I love this story because it’s both inspiring and resourceful. There really are ways that you can get time away from your career; it’s simply a matter of getting inside the head of your boss.

SHE THINKS: How’s this going to affect me?

This could be the best experience and opportunity for your life and even for your career, but initially your boss isn’t going to see it this way. Even if she’s a master of concealing her feelings, her first response will be some variation of “How does this affect me?” The more quickly you can answer this question, the more quickly your boss will to be able to really listen to your request.

Be prepared for a less-than-excited initial response. Your boss may simply be surprised and need a moment to take it in. Once she has, explain what your request will mean to her. Relieve her fears. She will most likely be wondering if she’ll have to pick up the slack for you, if it’s going to make her look bad with her boss or clients, or if you’ve got one foot out the door and this is a first step away from the organization.

SHE THINKS: How is this going to affect the rest of the team?
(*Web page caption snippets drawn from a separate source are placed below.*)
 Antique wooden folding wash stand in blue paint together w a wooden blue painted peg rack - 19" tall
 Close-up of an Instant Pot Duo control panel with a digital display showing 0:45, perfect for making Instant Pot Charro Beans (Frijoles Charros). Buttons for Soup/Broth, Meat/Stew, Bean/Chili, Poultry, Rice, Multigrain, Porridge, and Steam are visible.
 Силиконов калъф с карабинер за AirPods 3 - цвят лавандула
Your boss’s next question will be directly tied to what the change in your time commitment is going to mean to your output, and to the rest of the team. Before talking with her supervisor, Sherri reviewed all outstanding deliverables, identified who could take on specific tasks, and then wisely took her business colleague out for a drink to bring her on-side. It’s your responsibility to ensure your team will not be adversely affected by your time away from the office.
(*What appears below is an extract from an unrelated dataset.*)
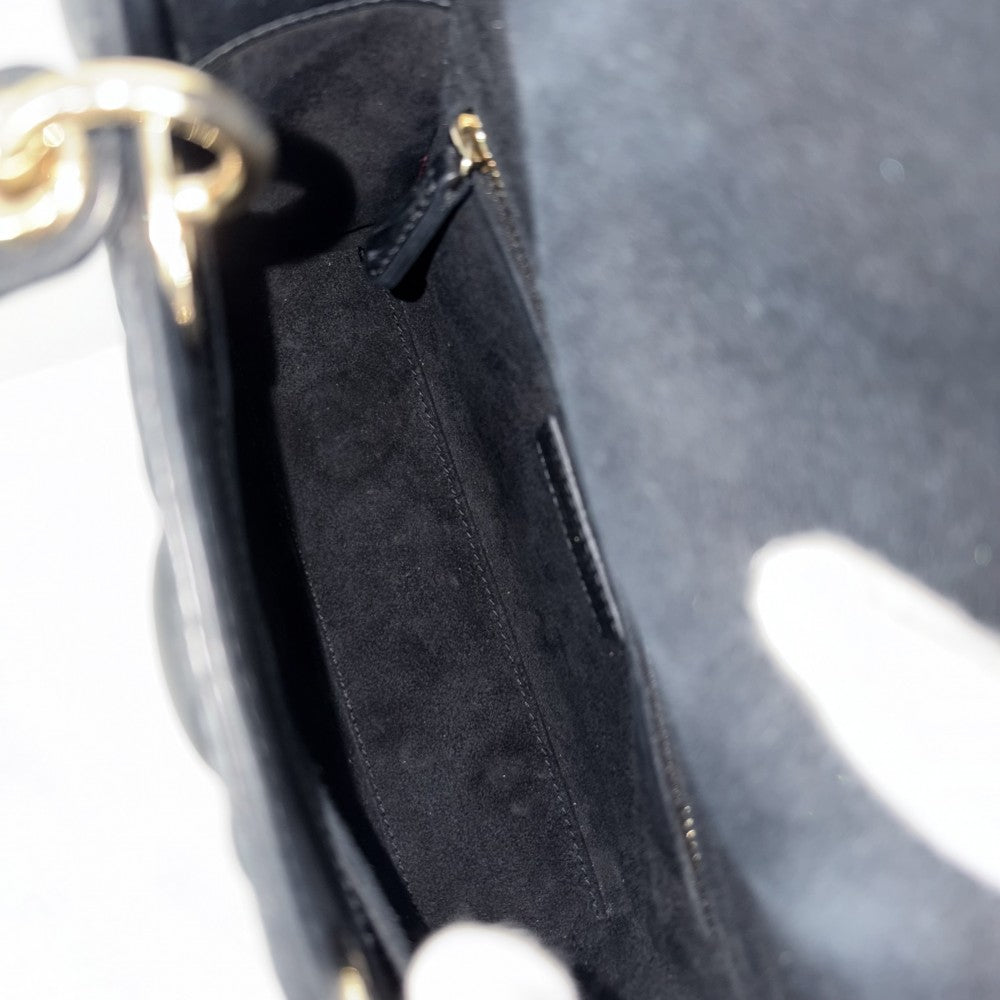 Dior ディオール 2WAY カナージュ レディディオール スモール ハンドバッグ ショルダーバッグ My ABCDior レザー ブラック 黒 ブラック金具 レディース【中古品】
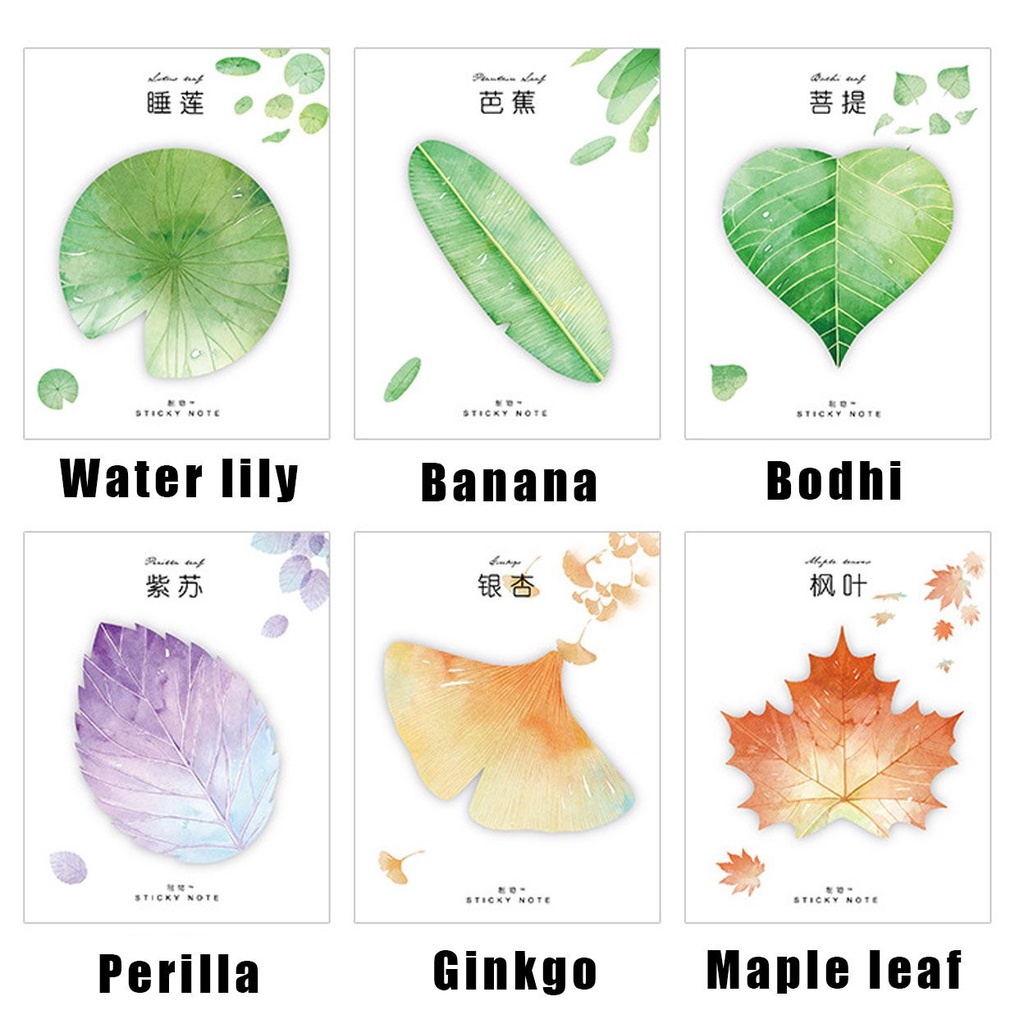 Set 30 Giấy Ghi Chú Hình Chiếc Lá Dễ Thương Sáng Tạo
SHE THINKS: Is she going to come back?

Once she’s gotten past her immediate fear or trepidation and you’ve clearly articulated how you’re going to take responsibility to make it happen, your boss will have another key question: “Is she going to come back?” Sherri was smart enough to anticipate this concern. She positioned her sabbatical as something that would benefit the network and re-assured her supervisors that she would be coming back. To establish her loyalty and dedication, she outlined her history and creative contributions to the company. She finished this portion of her pitch by explaining that the opportunity to focus on her personal creative pursuits would not take away, but enhance her efforts on behalf of the company – she would come back invigorated and renewed.
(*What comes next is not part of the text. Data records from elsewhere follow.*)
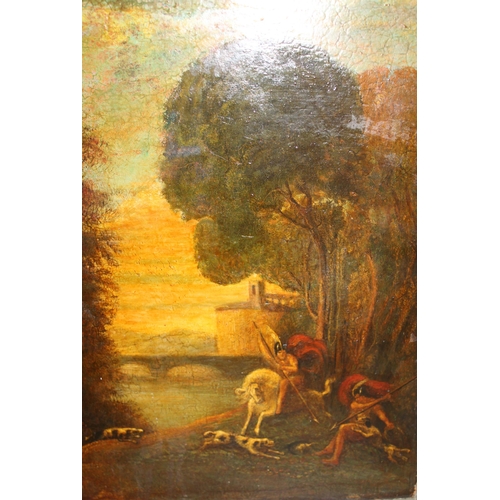 1069 - 19th Century oil on panel, Romans hunting in a landscape, unframed, 41 x 29cm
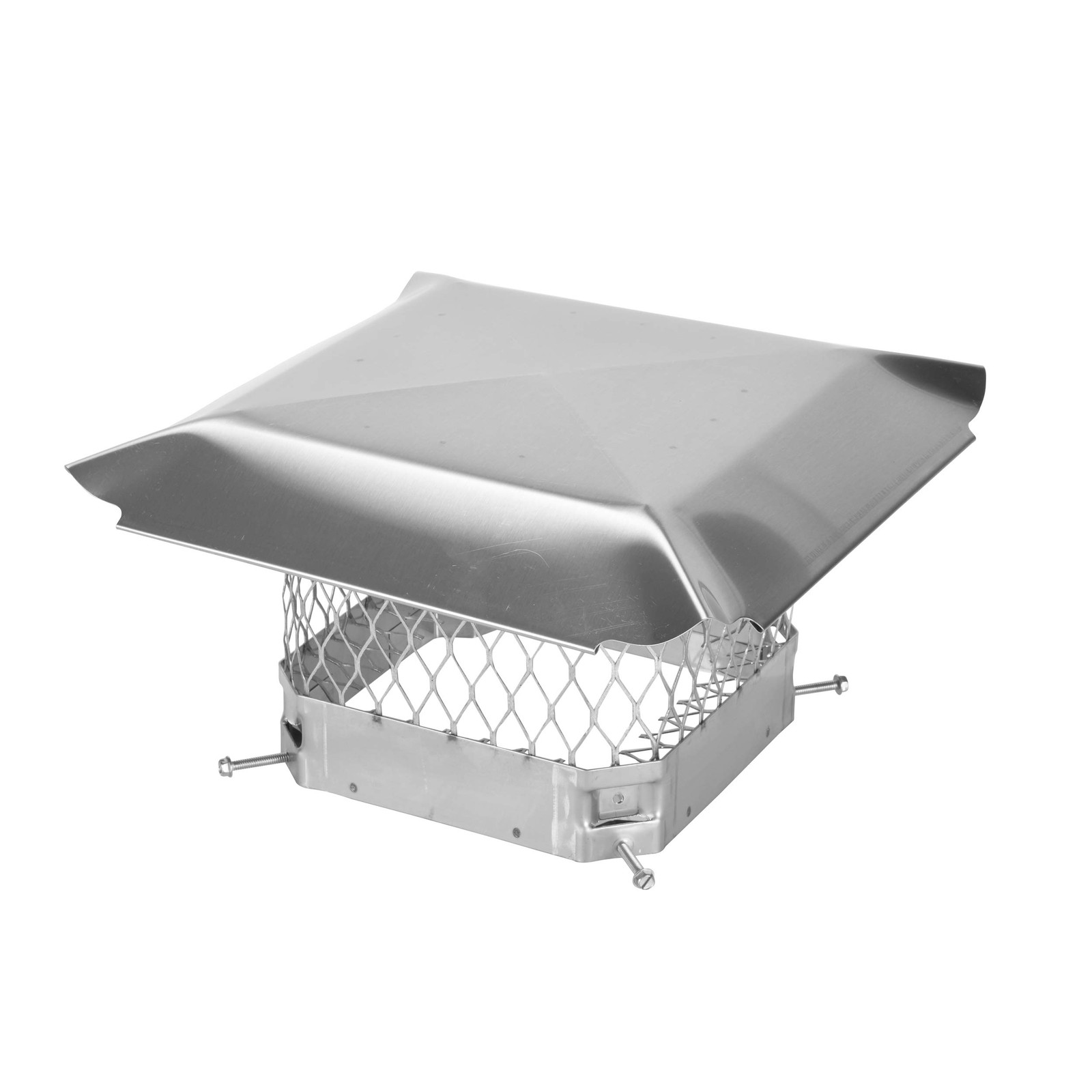 Draft King SS99U Bolt On Stainless Steel Single Flue Chimney Cap, 9” x 9”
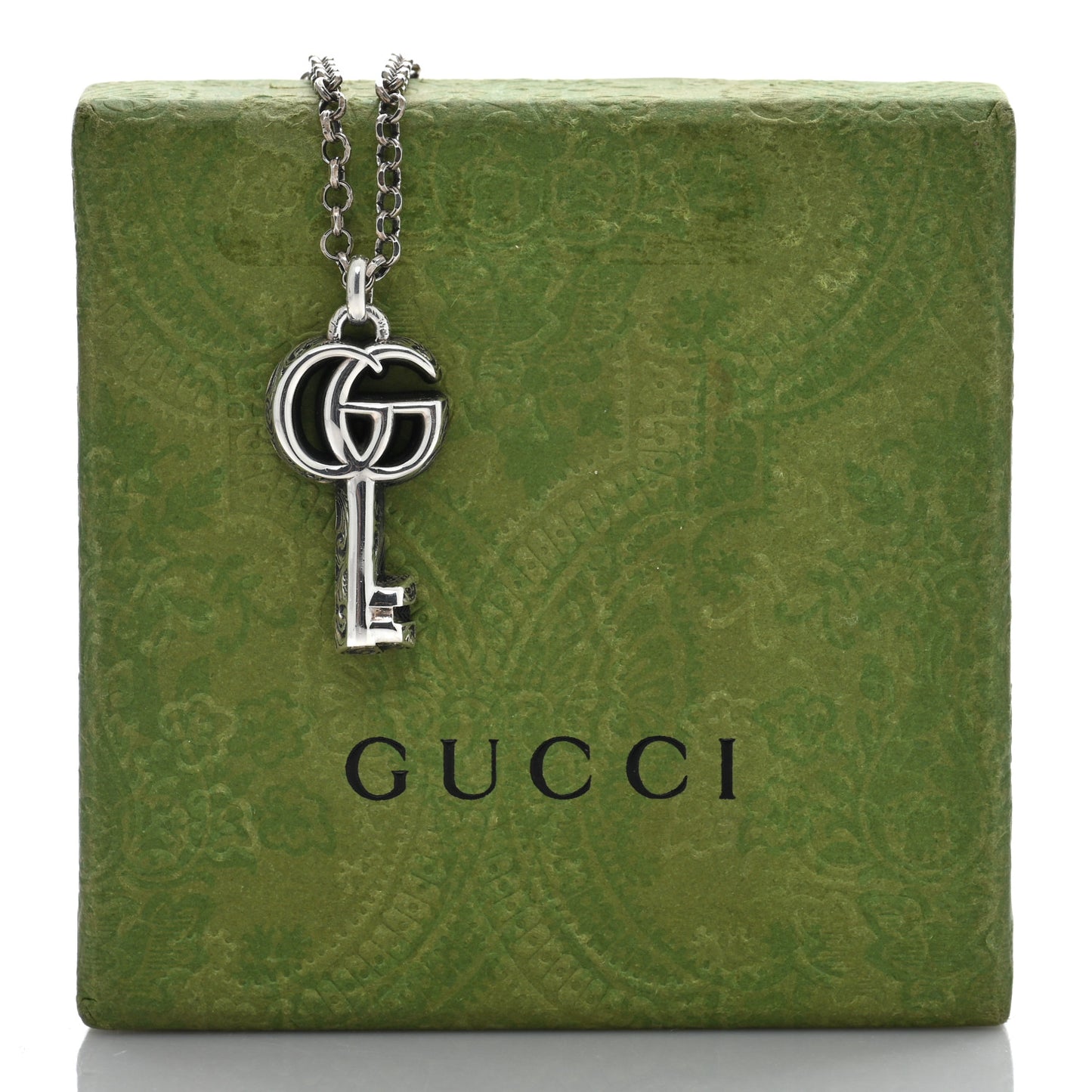 Sterling Silver Double G Key Pendant Necklace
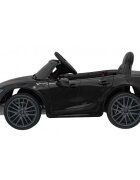 Maserati Masinuta electrica pentru copii Ghibli negru 60W cu telecomanda pornire lenta lumini suspensii panou audio scaun piele si roti din spuma Eva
SHE THINKS: Okay. Sounds Good

This might be the thought that surprises you most. Prior to having this discussion, Sherri had reservations. But with the support of another colleague she came to the conclusion, “What’s the worst that could happen?” Because Sherri made her request in a clear, organized manner—and because she positioned the proposal relative and even as beneficial to her employer—it was approved just two days later. In her own words, “it was so easy. I was totally dumbfounded.”